La monarquía, ya desprestigiada, quedó desvalida a partir de estos sucesos. Jóvenes reformistas, muchos de ellos formados en el extranjero –en Japón, especialmente- empezaron a formular demandas que incluían programas de acción. Uno de ellos fue Zou Rong, muerto en prisión a los 20 años de edad, quien dejó un opúsculo, “El ejército revolucionario”, que tuvo gran repercusión y fue ampliamente utilizado por Sun-yat-sen, otro de esos intelectuales formados en el exterior y que aglutinaría en torno a sí al movimiento nacionalista, republicano y socialmente reformista al que llamó primero Alianza Revolucionaria y que terminaría denominándose, años más tarde, el Kuomintang.
Una de las tácticas de los grupos revolucionarios fue inducir a sus miembros a cursar estudios militares para infiltrarse en las filas del Nuevo Ejército en formación y reclutar allí adeptos o simplemente ganar a las fuerzas para su idea de China, a la cual muchos jóvenes oficiales ya estaban bien predispuestos. Tras la explosión accidental de una bomba en una casa de la concesión rusa de Hankou que puso al descubierto a uno de esos grupos revolucionarios, se hizo necesario apresurar la insurrección para evitar que el gobierno desmantelara la organización político-militar. La revuelta se generalizó con rapidez y tras pocos meses de batallas, sublevaciones y atentados, el celeste imperio dejó de existir, cediendo el lugar a una república presidida por Sun-yat sen.
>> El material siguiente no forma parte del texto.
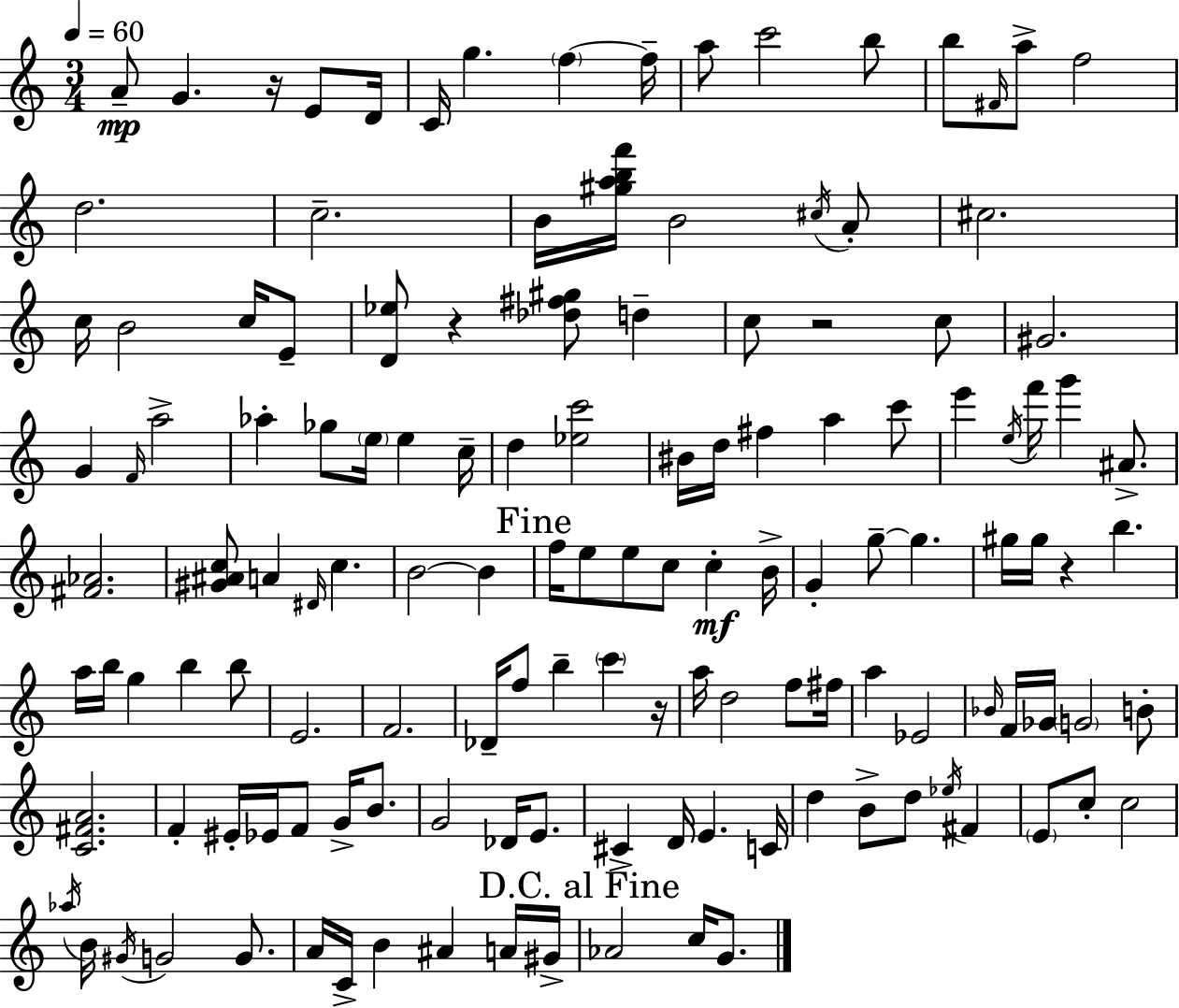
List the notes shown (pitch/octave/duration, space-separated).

A4/e G4/q. R/s E4/e D4/s C4/s G5/q. F5/q F5/s A5/e C6/h B5/e B5/e F#4/s A5/e F5/h D5/h. C5/h. B4/s [G#5,A5,B5,F6]/s B4/h C#5/s A4/e C#5/h. C5/s B4/h C5/s E4/e [D4,Eb5]/e R/q [Db5,F#5,G#5]/e D5/q C5/e R/h C5/e G#4/h. G4/q F4/s A5/h Ab5/q Gb5/e E5/s E5/q C5/s D5/q [Eb5,C6]/h BIS4/s D5/s F#5/q A5/q C6/e E6/q E5/s F6/s G6/q A#4/e. [F#4,Ab4]/h. [G#4,A#4,C5]/e A4/q D#4/s C5/q. B4/h B4/q F5/s E5/e E5/e C5/e C5/q B4/s G4/q G5/e G5/q. G#5/s G#5/s R/q B5/q. A5/s B5/s G5/q B5/q B5/e E4/h. F4/h. Db4/s F5/e B5/q C6/q R/s A5/s D5/h F5/e F#5/s A5/q Eb4/h Bb4/s F4/s Gb4/s G4/h B4/e [C4,F#4,A4]/h. F4/q EIS4/s Eb4/s F4/e G4/s B4/e. G4/h Db4/s E4/e. C#4/q D4/s E4/q. C4/s D5/q B4/e D5/e Eb5/s F#4/q E4/e C5/e C5/h Ab5/s B4/s G#4/s G4/h G4/e. A4/s C4/s B4/q A#4/q A4/s G#4/s Ab4/h C5/s G4/e.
La marcha de la revolución se prolongaría casi cuarenta años, punteada de infinitas peripecias. Tuvo una evolución compleja, pero no hay duda de que los acontecimientos de 1911 fueron el momento fundacional de la renovación que ha convertido a China, del país humillado y hambriento que era a principios del siglo XX, en la segunda potencia económica mundial y en la tercera militar.
Notas
[i] Hannah Arendt, “Los orígenes del totalitarismo. Imperialismo”. Alianza Universidad, México, 1982.
[ii] Jawaharlal Nehru, “El descubrimiento de la India”, Editorial Sudamericana, 1949.